With technology tools that help you overcome your data challenges, you can achieve much faster (and much more cost-effective) operationalizing of AI. The end result can be an AI model factory: hundreds or thousands of AI models, with automated “pipelines” to continuously integrate, deploy and learn from new data. With data intake and model retraining largely automated, you’ll have increasingly better data powering more subtle and accurate algorithms.
Consider too how potential AI technology tools align with your existing technology choices and sources of data. If, for example, a vendor is already helping you process your data, and your key employees are already trained on its systems, it may be best to stick with them — so long as they support both the AI tools you need and the flexible architecture to change up those tools as needed.
Like most technologies, AI has a life cycle. It usually begins with a proof of concept, moves on to a pilot that proves real-work viability, then scales up to achieve real and (ideally) continually increasing value. Unlike most technologies, AI usually requires new roles for this life cycle.
When a proposed AI solution is at the proof-of-concept or the pilot-and-prove stages, it requires continuing collaboration among engineers, data scientists and the business.
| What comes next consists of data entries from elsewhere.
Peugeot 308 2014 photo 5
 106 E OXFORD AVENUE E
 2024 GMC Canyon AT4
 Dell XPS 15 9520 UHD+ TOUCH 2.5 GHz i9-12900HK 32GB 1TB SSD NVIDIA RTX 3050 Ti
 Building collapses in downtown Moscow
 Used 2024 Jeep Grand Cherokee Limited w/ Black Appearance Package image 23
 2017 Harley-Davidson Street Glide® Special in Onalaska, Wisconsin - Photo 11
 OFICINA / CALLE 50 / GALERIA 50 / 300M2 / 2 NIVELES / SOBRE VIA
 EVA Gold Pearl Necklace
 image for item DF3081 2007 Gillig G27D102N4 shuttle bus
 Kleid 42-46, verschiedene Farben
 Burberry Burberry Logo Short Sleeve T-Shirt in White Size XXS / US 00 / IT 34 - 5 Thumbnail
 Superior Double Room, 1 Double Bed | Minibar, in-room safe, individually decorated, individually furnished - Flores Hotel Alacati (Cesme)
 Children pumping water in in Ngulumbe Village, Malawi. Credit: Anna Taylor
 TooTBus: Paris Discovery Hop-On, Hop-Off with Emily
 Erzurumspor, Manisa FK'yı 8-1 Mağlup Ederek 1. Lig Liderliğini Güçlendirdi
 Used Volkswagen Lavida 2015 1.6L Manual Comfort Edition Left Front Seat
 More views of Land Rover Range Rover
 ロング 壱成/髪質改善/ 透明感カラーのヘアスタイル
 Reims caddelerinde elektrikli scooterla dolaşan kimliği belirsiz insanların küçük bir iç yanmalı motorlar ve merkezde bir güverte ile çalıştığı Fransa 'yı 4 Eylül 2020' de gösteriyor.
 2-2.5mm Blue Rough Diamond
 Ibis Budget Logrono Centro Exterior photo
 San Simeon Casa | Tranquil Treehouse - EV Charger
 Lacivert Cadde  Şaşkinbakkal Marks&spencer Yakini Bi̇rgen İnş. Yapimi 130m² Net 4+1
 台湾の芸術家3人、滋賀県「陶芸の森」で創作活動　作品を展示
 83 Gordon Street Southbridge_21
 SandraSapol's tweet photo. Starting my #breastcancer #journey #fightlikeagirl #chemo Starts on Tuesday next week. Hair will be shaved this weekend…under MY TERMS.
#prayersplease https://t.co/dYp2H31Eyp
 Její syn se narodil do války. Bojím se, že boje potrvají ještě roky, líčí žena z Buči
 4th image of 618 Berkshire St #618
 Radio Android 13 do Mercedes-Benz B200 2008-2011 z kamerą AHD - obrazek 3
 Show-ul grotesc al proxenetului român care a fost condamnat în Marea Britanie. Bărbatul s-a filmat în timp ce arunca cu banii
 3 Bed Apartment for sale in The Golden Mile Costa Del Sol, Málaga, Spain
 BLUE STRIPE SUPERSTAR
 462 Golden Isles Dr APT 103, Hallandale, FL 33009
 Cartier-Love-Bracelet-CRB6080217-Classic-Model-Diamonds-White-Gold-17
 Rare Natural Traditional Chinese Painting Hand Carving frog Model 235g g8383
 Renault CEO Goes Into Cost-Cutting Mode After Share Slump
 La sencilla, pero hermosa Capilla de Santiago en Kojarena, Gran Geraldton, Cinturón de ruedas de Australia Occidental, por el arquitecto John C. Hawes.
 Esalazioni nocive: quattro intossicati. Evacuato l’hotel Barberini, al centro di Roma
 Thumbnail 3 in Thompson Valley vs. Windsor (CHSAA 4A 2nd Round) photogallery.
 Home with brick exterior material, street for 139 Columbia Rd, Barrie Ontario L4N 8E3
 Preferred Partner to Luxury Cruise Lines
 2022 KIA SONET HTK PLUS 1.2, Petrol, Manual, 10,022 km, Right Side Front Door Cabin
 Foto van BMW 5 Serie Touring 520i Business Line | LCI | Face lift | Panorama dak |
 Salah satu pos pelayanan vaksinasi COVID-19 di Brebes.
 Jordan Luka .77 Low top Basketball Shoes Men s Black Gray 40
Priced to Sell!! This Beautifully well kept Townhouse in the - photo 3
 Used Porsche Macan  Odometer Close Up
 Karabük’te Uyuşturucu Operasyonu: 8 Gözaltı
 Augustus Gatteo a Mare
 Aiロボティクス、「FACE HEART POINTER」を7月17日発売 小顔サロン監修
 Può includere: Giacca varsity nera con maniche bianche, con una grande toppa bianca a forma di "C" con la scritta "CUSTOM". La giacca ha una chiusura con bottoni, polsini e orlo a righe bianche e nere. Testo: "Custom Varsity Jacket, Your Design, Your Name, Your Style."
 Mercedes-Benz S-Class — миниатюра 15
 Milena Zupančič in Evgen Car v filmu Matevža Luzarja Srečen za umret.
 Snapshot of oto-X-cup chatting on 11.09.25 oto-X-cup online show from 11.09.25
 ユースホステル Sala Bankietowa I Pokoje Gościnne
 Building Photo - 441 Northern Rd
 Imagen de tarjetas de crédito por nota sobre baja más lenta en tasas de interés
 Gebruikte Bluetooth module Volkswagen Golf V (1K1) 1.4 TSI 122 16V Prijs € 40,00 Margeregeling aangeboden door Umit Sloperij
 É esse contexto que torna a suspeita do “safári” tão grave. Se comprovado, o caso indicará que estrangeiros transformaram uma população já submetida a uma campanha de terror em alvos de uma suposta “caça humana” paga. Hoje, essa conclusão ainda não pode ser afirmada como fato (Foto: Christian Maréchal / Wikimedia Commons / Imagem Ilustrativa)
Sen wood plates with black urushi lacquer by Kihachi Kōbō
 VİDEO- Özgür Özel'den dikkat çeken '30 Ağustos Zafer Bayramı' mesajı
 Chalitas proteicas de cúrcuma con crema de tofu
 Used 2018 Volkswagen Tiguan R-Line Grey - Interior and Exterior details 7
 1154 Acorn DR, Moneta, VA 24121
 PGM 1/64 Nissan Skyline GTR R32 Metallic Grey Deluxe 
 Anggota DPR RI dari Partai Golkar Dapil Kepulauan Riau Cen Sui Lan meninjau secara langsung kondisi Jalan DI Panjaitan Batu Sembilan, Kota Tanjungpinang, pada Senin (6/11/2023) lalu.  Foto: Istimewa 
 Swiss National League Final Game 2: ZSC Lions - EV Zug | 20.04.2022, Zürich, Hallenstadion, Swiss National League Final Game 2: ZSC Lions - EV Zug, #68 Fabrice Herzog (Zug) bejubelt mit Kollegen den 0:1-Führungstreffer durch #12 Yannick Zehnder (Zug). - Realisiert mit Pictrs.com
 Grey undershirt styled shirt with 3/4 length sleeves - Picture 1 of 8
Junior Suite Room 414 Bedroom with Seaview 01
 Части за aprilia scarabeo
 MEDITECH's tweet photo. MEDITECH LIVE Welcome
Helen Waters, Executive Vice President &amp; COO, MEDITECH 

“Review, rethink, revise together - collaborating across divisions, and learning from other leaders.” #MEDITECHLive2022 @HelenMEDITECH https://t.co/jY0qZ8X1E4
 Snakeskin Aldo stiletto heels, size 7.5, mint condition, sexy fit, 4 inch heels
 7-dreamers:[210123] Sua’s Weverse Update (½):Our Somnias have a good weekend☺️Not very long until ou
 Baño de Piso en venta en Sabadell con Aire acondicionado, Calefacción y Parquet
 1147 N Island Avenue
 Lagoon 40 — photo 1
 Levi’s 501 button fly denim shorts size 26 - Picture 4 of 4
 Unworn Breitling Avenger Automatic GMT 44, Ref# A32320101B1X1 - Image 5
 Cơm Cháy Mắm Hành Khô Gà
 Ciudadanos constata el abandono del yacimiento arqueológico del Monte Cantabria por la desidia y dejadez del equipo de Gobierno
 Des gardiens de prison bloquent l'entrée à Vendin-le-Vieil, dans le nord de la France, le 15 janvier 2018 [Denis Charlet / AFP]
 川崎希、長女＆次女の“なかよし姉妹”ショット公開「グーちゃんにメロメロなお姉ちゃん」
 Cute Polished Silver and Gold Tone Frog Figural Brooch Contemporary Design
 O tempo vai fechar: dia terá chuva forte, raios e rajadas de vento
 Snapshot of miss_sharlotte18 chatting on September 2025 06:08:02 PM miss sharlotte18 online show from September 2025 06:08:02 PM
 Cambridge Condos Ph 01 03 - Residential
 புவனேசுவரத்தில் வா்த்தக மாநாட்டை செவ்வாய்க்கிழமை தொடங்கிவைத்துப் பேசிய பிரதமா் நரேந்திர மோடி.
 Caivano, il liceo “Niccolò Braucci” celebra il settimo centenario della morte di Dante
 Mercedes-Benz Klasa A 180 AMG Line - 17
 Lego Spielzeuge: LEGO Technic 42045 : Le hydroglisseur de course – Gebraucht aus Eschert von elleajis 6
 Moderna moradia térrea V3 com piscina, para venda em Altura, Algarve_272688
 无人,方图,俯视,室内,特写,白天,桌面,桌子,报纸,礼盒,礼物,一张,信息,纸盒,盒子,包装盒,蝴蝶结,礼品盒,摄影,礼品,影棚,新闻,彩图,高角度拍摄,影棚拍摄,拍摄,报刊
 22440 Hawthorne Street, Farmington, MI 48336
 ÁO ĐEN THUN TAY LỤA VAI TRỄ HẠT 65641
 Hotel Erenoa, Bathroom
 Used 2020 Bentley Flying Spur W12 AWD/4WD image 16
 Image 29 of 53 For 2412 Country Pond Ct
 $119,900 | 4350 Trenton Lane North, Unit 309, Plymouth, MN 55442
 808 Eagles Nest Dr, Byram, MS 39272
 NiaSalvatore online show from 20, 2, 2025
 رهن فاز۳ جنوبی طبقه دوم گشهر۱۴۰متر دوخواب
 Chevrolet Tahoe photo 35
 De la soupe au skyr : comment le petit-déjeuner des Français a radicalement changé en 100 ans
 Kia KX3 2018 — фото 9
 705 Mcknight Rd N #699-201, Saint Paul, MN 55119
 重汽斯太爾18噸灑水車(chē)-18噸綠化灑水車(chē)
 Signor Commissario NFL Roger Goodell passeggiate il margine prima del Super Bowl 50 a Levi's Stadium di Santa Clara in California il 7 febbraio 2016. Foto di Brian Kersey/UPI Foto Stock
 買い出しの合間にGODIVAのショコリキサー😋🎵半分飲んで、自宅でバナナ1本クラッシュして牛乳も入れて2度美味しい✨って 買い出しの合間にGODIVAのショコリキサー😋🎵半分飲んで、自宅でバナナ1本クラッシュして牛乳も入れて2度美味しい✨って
Centralized administration and governance, along with cross-functional task forces, will help foster this collaboration — but it won’t be enough. Engineers and data scientists trained in AI usually can explain their needs to each other. But they and subject matter experts in the business or back office may struggle to communicate and unite around a solution.
That’s why many AI leaders have AI architects in their AI operating and execution groups. Like solutions architects in traditional app development, AI architects are responsible for creating a technical solution that meets the business’s needs. They help assess what data an AI model will need, which experiments can best train and develop that model, what retraining and monitoring will be required, and how to integrate the model into an application or business process.
AI architects may be traditional solution architects with solid data science expertise, or data scientists with a background in software engineering. They are also often the ones best placed to identify the highest-value use cases for AI, helping to best allocate scarce resources.
Once a potential use case has successfully passed through the proof-of-concept and pilot-and-proof stages, it’s time to make it an actual and valuable AI solution: an asset that scales, is fault-tolerant, runs on your chosen platform, and can meet deployment needs. For this step, two additional roles come into play.
The first role is a machine learning engineer, with both data science and software engineering skills. The second is model operations specialist, to manage post-deployment model performance. Together, these two roles supervise and integrate data, AI models, and supporting software throughout the AI life cycle. These specialists also help drive the scientific, experimental mindset that AI needs: one in which hypotheses are continually challenged and models are continually improved.